# marine salt



## joefromcanada (Apr 16, 2004)

also, whats the difference between. Instant Ocean Salt Mix and Instant Ocean Reef Crystals


----------



## Death in #'s (Apr 29, 2003)

:laugh: they are all basically the same
i use the no frills brand and buy 50lbs for almost nothing and never had a problem


----------



## thePACK (Jan 3, 2003)

depends on what kind of system your running? fish only or reef?


----------



## -=BOB=- (Mar 6, 2003)

I use Reef Crystals, love it cause it is enriched with calcium, trace elements and vitamins. That way I don't have to pay to much attention to these thinks..









From what I heard Instant Ocean and Reef Crystals are only brands free of PO4.

IO is not so highly enriched as RC so its cheaper and better to be used in fish only, I guess


----------



## Raptor (Jan 3, 2003)

-=BOB=- said:


> I use Reef Crystals, love it cause it is enriched with calcium, trace elements and vitamins. That way I don't have to pay to much attention to these thinks..
> 
> 
> 
> ...


 I agree. the reef crystals are higher in calcium and other beneficial ingredients for reef tanks. instant ocean regular is cheaper, And i would think it is better suited for fish only tanks. I use instant ocean for its availibility. I can run to meijers and pick it up if needed.


----------



## Andrew (Mar 3, 2003)

You guys with reef tanks should try the new Oceanic salt. It practically dissolves instantly. It has more calcium than IO. It always mixes to over 400. Been a while since I used reef crystals, but I remember it didn't dissolve as good as the regular IO.

You guys don't test your Alk and Ca? With clams I bet it is low, unless you are dosing Ca. or doing large water changes.


----------



## Raptor (Jan 3, 2003)

I dose with pickling lime. Same as kalkwasser but CHEAPER. Also dow pedalow also i have used calcium clhoride(Ice melter) I use arm and hammer super washing soda for carbonate.


----------



## Lahot (May 20, 2003)

Andrew said:


> You guys with reef tanks should try the new Oceanic salt. It practically dissolves instantly. It has more calcium than IO. It always mixes to over 400. Been a while since I used reef crystals, but I remember it didn't dissolve as good as the regular IO.
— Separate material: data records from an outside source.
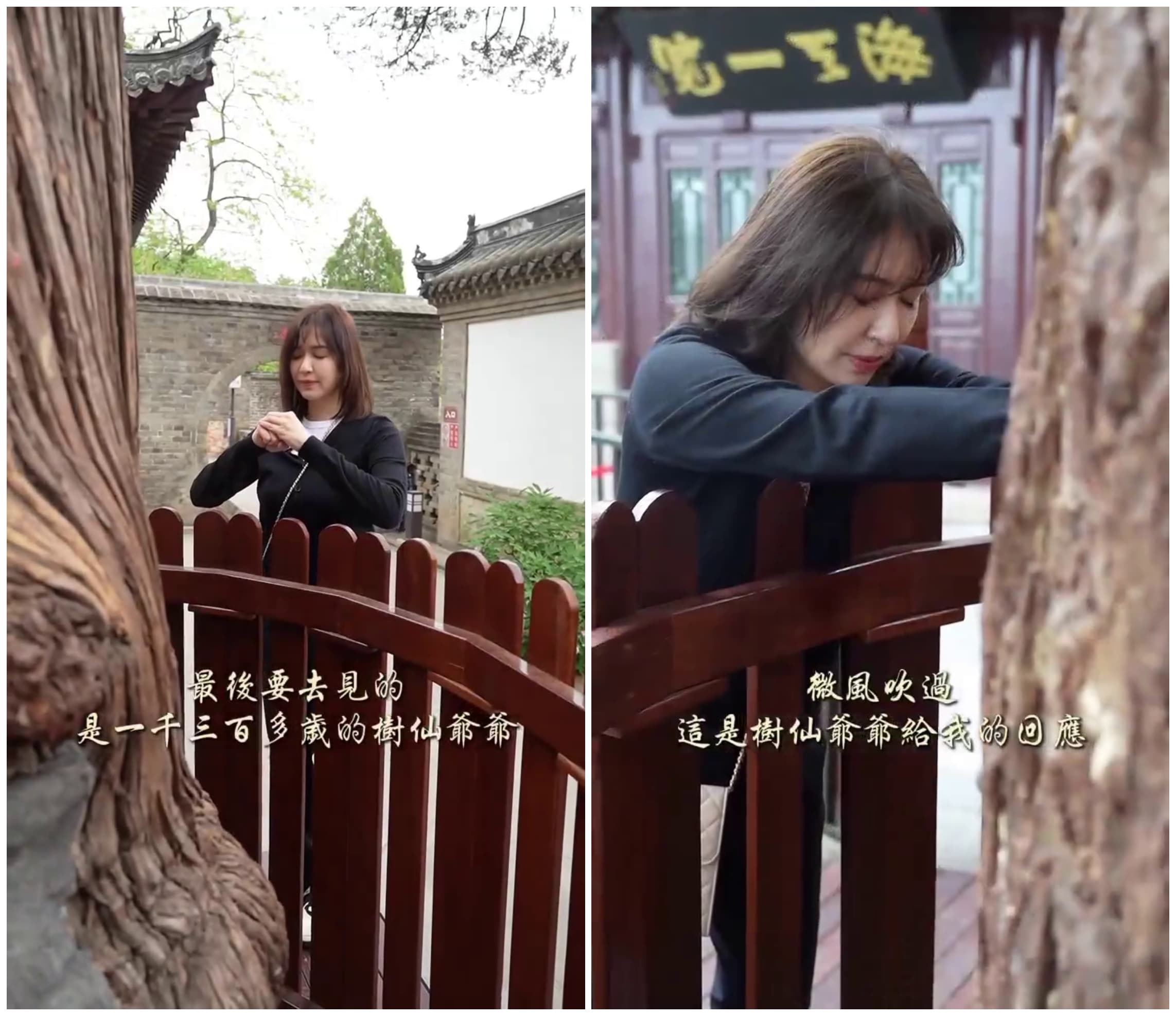 蔡依珊看到千年古樹,沈澱心靈。(翻攝pattytsai13 IG)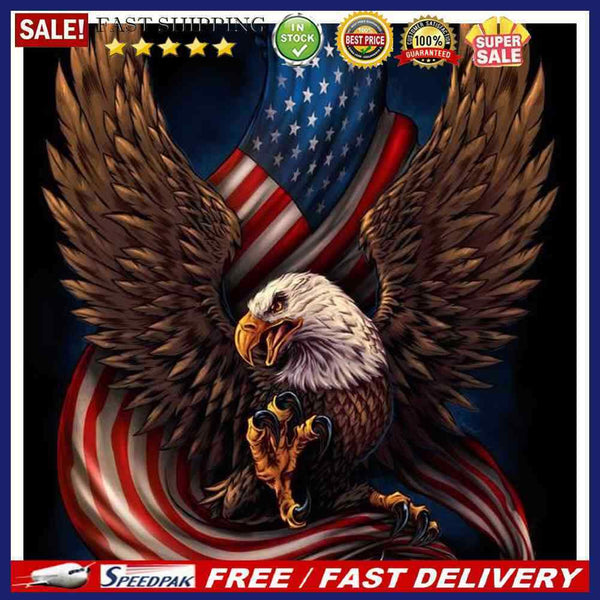 Handpainted DIY Eagle Flag Oil Paint by Numbers Pictures Artwork Craft Kit Gi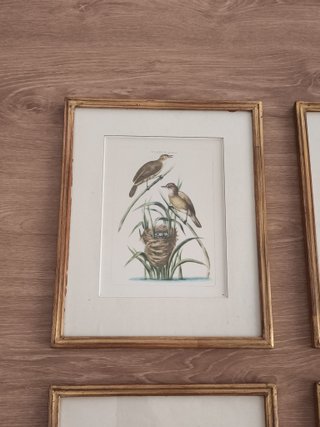 4 cuadros antiguos aves
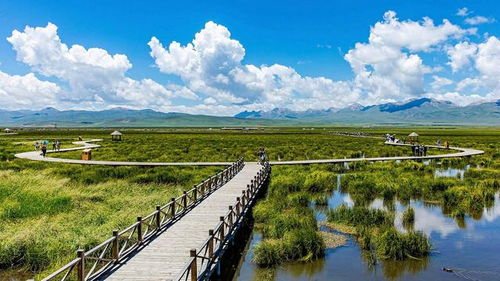 旅行社服務(wù)行業(yè)與旅游開發(fā)的融合發(fā)展趨勢(shì)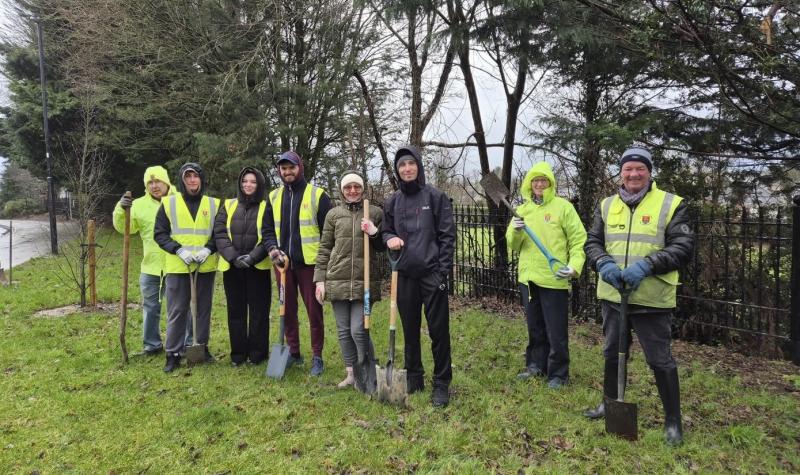 Laois Tidy Towns group giving away hundreds of free native trees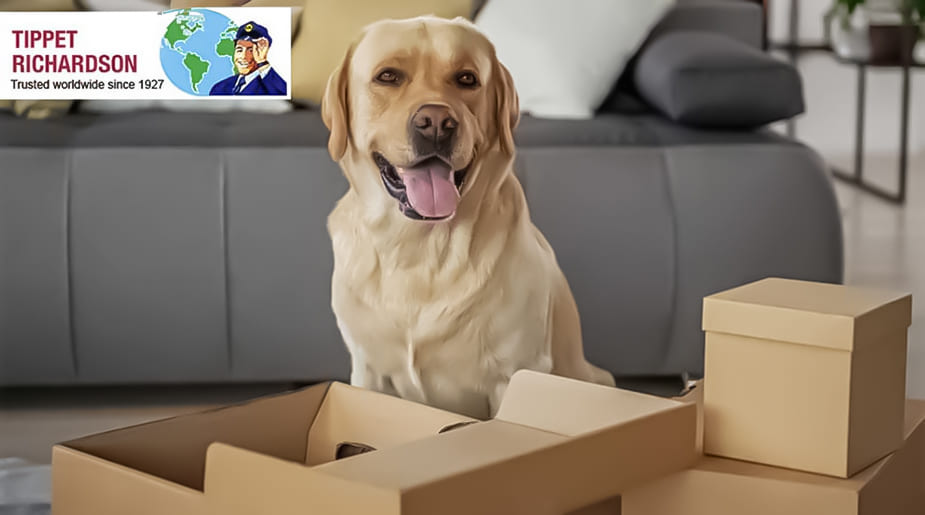 Safely Relocating Your Pets: A Complete Guide - Tippet Richardson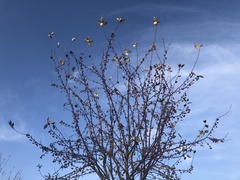 Berberis vulgaris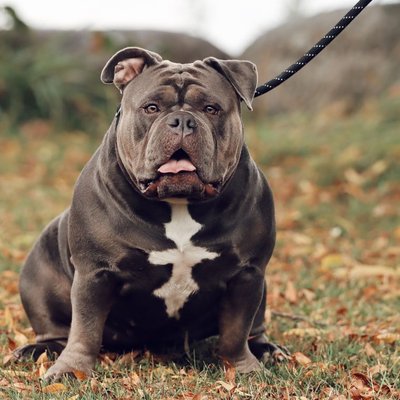 American Bully - Maladie du Bully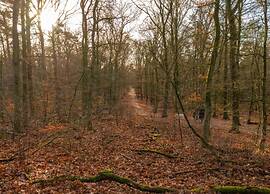 Forest-edge Villa With Sauna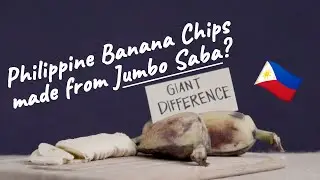 The Best Banana Chips Brand in The Philippines? - Banana Chief's Giant Banana Chips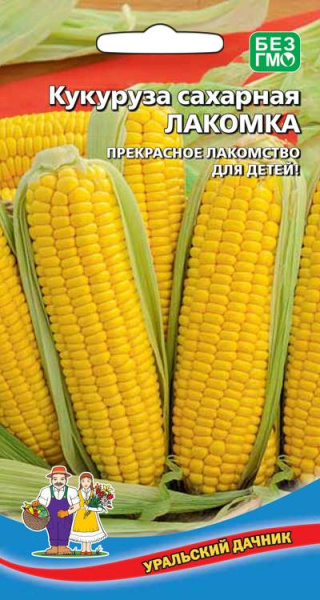 kukuruza-saharnaya-lakomka
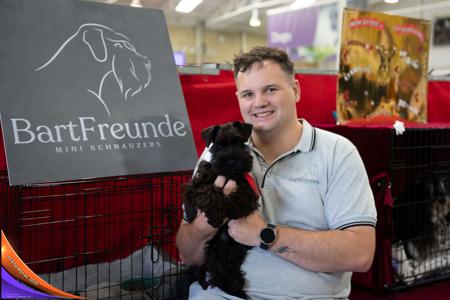 Schnauzer (Miniature) for sale by BARTFREUNDE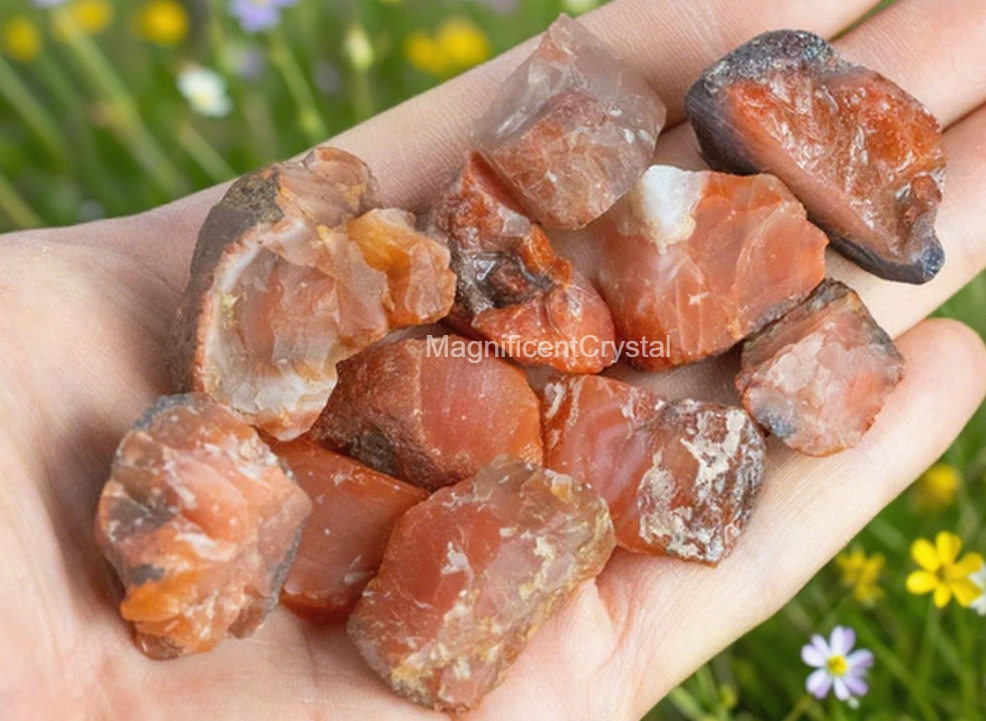 3PCS Natural Raw Carnelian Stone Red Crystal Healing Home Decor Energy Gifts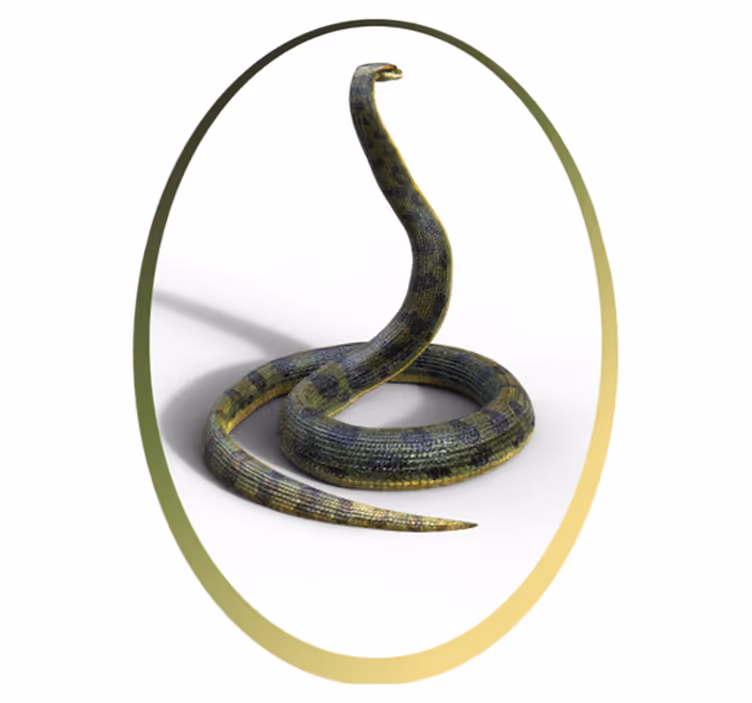 Tapete vinílico de animais inspiração para estampa de cobra - TenStickers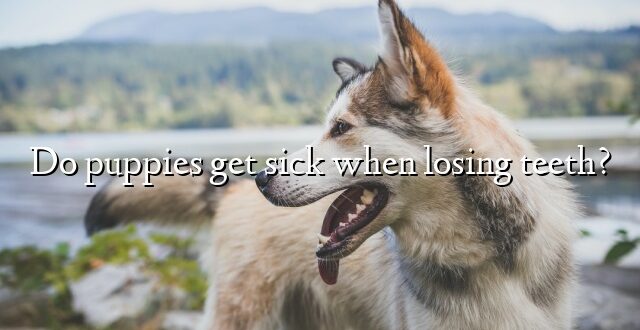 Do puppies get sick when losing teeth?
 I was thinking about trying Oceanic, but only one lfs nearby sells it so far, it's a good value. I also like the packaging more than IO. You conviced me to buy it by saying how easy it dissolves!


----------



## joefromcanada (Apr 16, 2004)

im going to be running a fowlr, but eventually adding coral... if any of the lfs around here have it ill go with oceanic, if not, ill go with instant ocean


----------



## Andrew (Mar 3, 2003)

Hey Raptor, what brand pickling lime do you use? I can't find Mrs. wages, but I can find Ball. I am getting conflicting info about which one is better. If you use ball, what exactly does you package look like. I have stumbled onto two different packagings.


----------



## Raptor (Jan 3, 2003)

Wall mart sells mrs wages. Meijers sells ball. I belive both are identical in chemical composition.
I have used ball too. I haven't noticed a differance.


----------



## -=BOB=- (Mar 6, 2003)

I use Salifert products(for calcium and Kh)
calc is 450 and Kh 6,5 btw. getting derasa this weekend ,( have to rearrange the aquascape its size of the skull ) scored it really cheap. 50EU he he


----------



## Raptor (Jan 3, 2003)

Oh, The package is green and white with ball written in cursave and a pickle underneath. 
EDIT: It's in a can and it has a pull tab top.


----------



## Andrew (Mar 3, 2003)

-=BOB=-: definitely post some pictures. I am guess that the cost would be around
$ 60.00 in US dollars. Big Derasa's that size go for $ 150.00 at my LFS.

Raptor: Thanks.


----------



## BoomerSub (Jun 23, 2003)

Oceanic natural sea salt.

-PK


----------



## Raptor (Jan 3, 2003)

I have heard lots of good stuff about oceananic. I am just too paraniod to switch, Plus i can't complain too much about io.


----------